Last time we looked at general approaches to ensuring eventual consistency in the cloud. Now it’s time to apply what we’ve learnt to the case of my Event Sourced Cloud Spreadsheet. Previously, I went into some detail on how to implement an Event Log using DynamoDB. Long story short, there are some operations that involve multiple writes and some that need to trigger side effects.

Let’s work out how to do it reliably. Here’s the architecture we’ll put together over the course of this post.

Snapshot Creation Architecture
×
Snapshot Creation Architecture

Event Sourcing

The first step in my recipe for ensuring eventual consistency is to identify the single write that can act as a linchpin for the overall operation. That write needs to capture the complete intent of the operation so that in the event of a disaster you can use what was written to complete any missed side effects.

Conveniently, event sourcing is a perfect fit. The whole idea is that your source of truth is a single write that captures the complete intent of the operation. That’s our linchpin write sorted.

Well, nearly. We do have the additional complexity that for large events the bulk of the payload is stored in S3 with just metadata in DynamoDB. However, we already have a playbook for this. We need a discardable write of the payload to S3 (creating it with a tag that will auto-delete after a few days), then the linchpin write that adds the event to the log in DynamoDB (including the S3 object id where the payload is stored), then finally a side effect that removes the auto-delete tag from the S3 object.

From the client’s point of view the sequence of operations is :

  1. Call API to create a large event, response includes an S3 signed url to upload to
  2. Upload payload to signed url
  3. Call API to complete creation of event

Snapshots

Every so often the spreadsheet backend will need to create a snapshot. The backend in this case is just the Lambda function invoked when a log entry is added by the client. I’m not sure exactly what the logic will be for deciding when a snapshot is needed. That will need some experimentation. It could be as simple as saying you need a snapshot after every 100 log entries. Whatever it is, some logic will need to run after each log entry is added to make the decision and kick off the process.

Ironically, this part of the operation doesn’t need to be reliable. I can take the simple approach and run the logic in the API handling Lambda immediately after it writes the log entry to DynamoDB. If it decides a snapshot is needed, it adds a special case “Snapshot” entry to the log. A snapshot could be added to an existing log segment or require the creation of a new log segment.

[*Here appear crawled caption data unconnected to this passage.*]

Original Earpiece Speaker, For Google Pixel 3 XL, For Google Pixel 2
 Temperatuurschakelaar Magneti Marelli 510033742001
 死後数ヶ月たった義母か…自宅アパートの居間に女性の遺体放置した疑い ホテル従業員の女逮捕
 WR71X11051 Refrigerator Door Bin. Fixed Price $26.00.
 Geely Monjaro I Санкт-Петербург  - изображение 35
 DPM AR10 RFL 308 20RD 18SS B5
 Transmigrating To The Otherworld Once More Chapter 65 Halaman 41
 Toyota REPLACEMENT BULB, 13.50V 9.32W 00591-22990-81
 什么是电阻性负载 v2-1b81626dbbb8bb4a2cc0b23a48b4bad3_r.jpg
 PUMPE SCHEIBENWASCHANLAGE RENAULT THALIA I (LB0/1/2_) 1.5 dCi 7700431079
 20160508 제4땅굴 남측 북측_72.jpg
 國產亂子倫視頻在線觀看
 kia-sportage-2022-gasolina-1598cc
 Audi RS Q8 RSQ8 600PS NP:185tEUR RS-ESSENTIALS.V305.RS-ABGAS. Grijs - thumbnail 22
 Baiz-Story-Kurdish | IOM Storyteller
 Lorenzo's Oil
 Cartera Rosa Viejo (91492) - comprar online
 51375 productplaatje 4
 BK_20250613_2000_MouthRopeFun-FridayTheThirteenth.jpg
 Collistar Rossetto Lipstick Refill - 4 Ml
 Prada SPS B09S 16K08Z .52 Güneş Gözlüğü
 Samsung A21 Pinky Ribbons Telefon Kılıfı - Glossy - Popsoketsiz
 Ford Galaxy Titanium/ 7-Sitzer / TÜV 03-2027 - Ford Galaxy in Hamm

What happens if the Lambda dies between writing the log entry and adding the Snapshot entry? Well, we won’t create a snapshot this time. However, the next time a log entry is added, the same logic will run again, we’ll still be in need of a snapshot and we’ll try again. It won’t matter if occasionally there are 101 or 102 events between snapshots. If it did matter, I could also fallback on the crutch of DynamoDB transactions and write both entries using a single transaction.

What does matter is that once a Snapshot entry has been written, the complex machinery of snapshot creation leaps into action and keeps going until the snapshot is complete.

DynamoDB Streams

The simplest way of reliably triggering logic in response to a write is to use the database’s change data capture mechanism. For DynamoDB, that’s DynamoDB streams.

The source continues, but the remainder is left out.